Still, there continued to be pushback from Pentagon civilians and Dunford. They argued that killing as many as 150 Iranians did not equate to the shooting down of a drone and could prompt a counterstrike by Iran that would escalate into a broader confrontation.
Moreover, Dunford argued that a sustained conflict in the Middle East would require the United States to divert more forces to the region, including from the Pacific theater, which would benefit China.
Trump seemed to be nursing doubts of his own, partly because of reports that the Iranian commander who shot down the drone had acted on his own, not on specific orders of the national government. Just after the Situation Room meeting, he sat down with Prime Minister Justin Trudeau of Canada, who was visiting, and floated that scenario.
“I find it hard to believe it was intentional, if you want to know the truth,” Trump told reporters in the Oval Office shortly after noon. “I think that it could have been somebody who was loose and stupid that did it.”
Bolton argued that it mattered little if Tehran gave the order or gave its commanders so much authority that they could take such action on their own.
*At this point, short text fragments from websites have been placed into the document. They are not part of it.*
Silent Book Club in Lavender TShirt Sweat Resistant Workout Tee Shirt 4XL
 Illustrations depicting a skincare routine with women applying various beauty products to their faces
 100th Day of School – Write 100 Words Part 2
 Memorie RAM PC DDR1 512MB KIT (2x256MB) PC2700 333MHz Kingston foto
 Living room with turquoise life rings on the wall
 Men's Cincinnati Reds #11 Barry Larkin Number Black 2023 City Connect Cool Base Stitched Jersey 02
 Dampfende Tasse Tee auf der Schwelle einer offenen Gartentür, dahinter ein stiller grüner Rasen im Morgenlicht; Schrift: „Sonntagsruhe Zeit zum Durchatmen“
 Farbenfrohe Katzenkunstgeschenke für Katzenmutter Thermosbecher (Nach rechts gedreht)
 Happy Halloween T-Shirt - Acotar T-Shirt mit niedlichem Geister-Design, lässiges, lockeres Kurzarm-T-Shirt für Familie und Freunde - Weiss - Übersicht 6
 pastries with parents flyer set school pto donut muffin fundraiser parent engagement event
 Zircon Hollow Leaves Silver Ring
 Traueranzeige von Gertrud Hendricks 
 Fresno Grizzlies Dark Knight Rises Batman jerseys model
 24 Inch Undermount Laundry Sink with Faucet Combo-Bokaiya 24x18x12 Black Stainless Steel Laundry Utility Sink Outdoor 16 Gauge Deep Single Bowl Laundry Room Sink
But it clearly did matter to Trump.
It also mattered that he had been so critical of past presidents for being too quick to pull the trigger. In the days leading up to this moment, he had talked with Tucker Carlson, the Fox News host, who reminded him that he had come to office to get out of endless wars, not start a new one.
If he allowed himself to be pulled into a new conflict by the same people who got the United States into Iraq, then Trump could forget about his chances for reelection, Carlson told him.
And beyond his own electoral prospects, Trump bristled at the idea of a wider war. “People underestimate how much emotionally he does not like the idea of Americans dying needlessly,” said Christopher Ruddy, a friend and the chief executive of Newsmax.
‘Genuinely Worried’
At 3 p.m., Trump convened a dozen congressional leaders from both parties in the Situation Room, a rare act of inclusion. Pence, Pompeo, Shanahan, Esper, Bolton and Pat Cipollone, the White House counsel, joined the meeting.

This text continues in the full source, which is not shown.